2.3.4 問い合わせメッセージと応答メッセージ(問い合わせ応答形態)

相手システムから問い合わせメッセージを受信したあと,自システムから応答メッセージを送信する形態です。UAP(MHP)のトランザクションの決着と連動してメッセージを送受信します。非トランザクションのMHPの場合は,サービスの終了と連動してメッセージを送受信します。論理端末の端末タイプはany,アプリケーションの型は応答型です。

相手システムからのメッセージを受信すると,TP1/NET/TCP/IPは入力メッセージ編集UOCで編集されたメッセージを入力キューに登録します。同時に,応答型のアプリケーションに対応するUAPを起動して,メッセージを引き渡します。

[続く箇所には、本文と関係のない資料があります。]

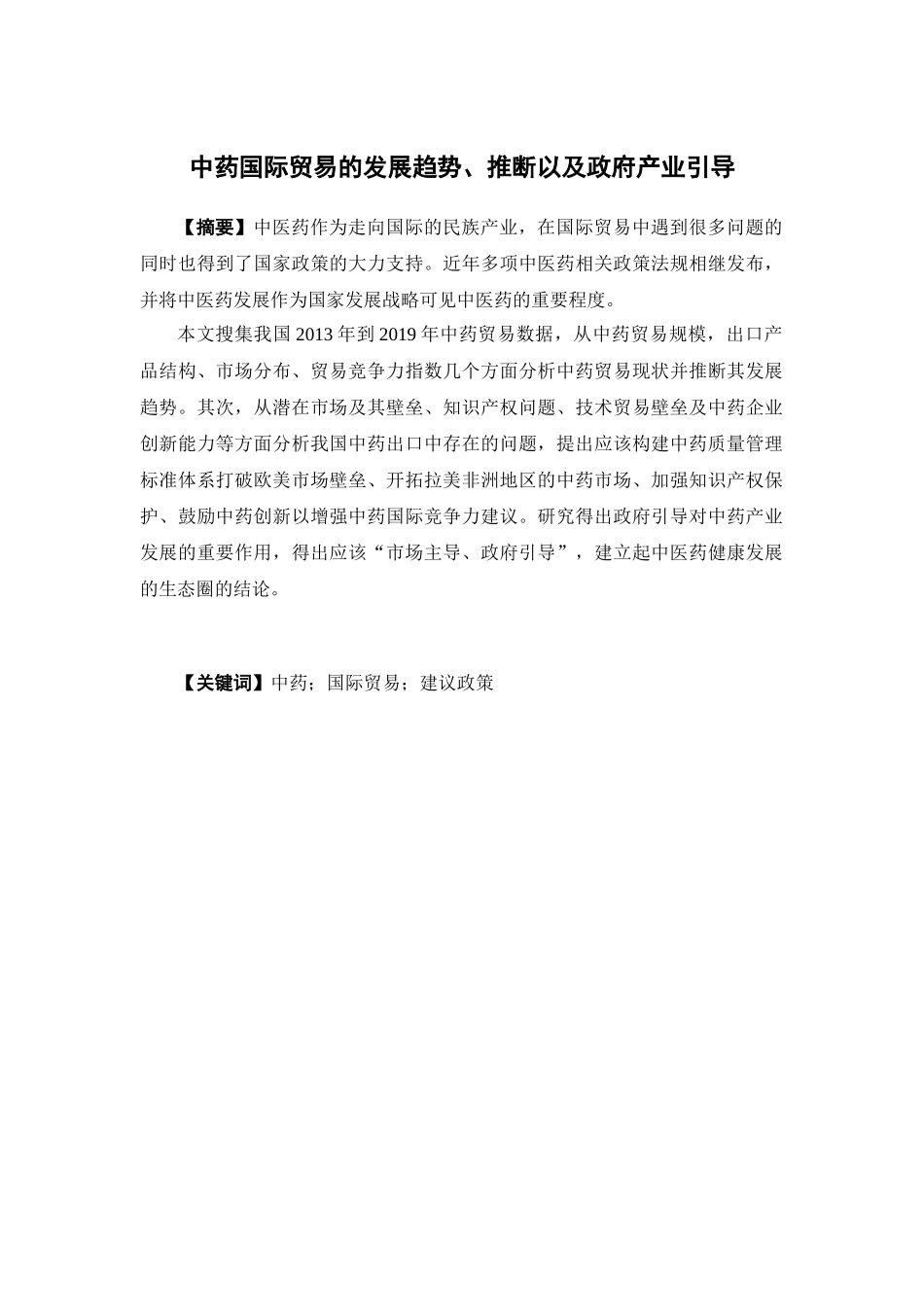 国际经济与贸易-中药国际贸易的发展趋势、推断以及政府产业引导论文_第1页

UAPがAPI(dc_mcf_reply関数またはCBLDCMCF('REPLY△△△'))で送信要求すると,メッセージが出力キューに登録されます。TP1/NET/TCP/IPは出力キューからメッセージを読み出し,出力メッセージ編集UOCで編集されたメッセージを相手システムに送信します。応答メッセージをTCP/IPの送信バッファに書き込み完了した時点で,送信完了としてTP1/NET/TCP/IPは出力キューにある送信済みメッセージのデータを消去します。

出力キューまたは入力キューの割り当て先の指定に関係なく,入力キューに蓄えられた問い合わせメッセージおよび出力キューに蓄えられた応答メッセージは,オンラインシステムが異常終了した場合などの再開始時に引き継がれません。

問い合わせメッセージの受信と応答メッセージの送信を,dc_mcf_receive関数およびdc_mcf_reply関数を使用する場合を例に,次の図に示します。

図2‒39 問い合わせメッセージの受信と応答メッセージの送信

[図データ]

  1. 相手システムからメッセージを受信します。

  2. TP1/NET/TCP/IPは相手システムからのメッセージを入力キューに書き込み,MHPを起動します。

  3. MHPはメッセージを受け取ります。

  4. MHPは応答メッセージの送信を要求します。

  5. TP1/NET/TCP/IPは応答メッセージを送信します。

  6. 出力キューにある一方送信メッセージのデータを消去します。

以降,問い合わせ応答形態の詳細を説明します。

〈この項の構成〉

(1) 問い合わせ応答の開始と終了

問い合わせ応答は,相手システムから問い合わせメッセージを受信し,応答型のアプリケーションを起動することで開始します。そして,UAPから応答メッセージを受け付け,相手システムへの応答メッセージの送信が完了すると問い合わせ応答を終了します。また,障害などによるコネクションの解放および論理端末の閉塞となった場合にも問い合わせ応答を終了します。

問い合わせ応答の開始から問い合わせ応答の終了までを問い合わせ応答中と呼びます。

(2) 問い合わせ応答中のアプリケーション起動

問い合わせ応答中にアプリケーション起動要求をする場合,非応答型または応答型のアプリケーション名を指定できます。ただし,応答型のアプリケーションを起動できるのは一つのサービスで1回だけです。

応答型のアプリケーションを起動した場合,そのサービスでは応答メッセージを送信できません。起動先の応答型アプリケーションで応答メッセージを送信してください。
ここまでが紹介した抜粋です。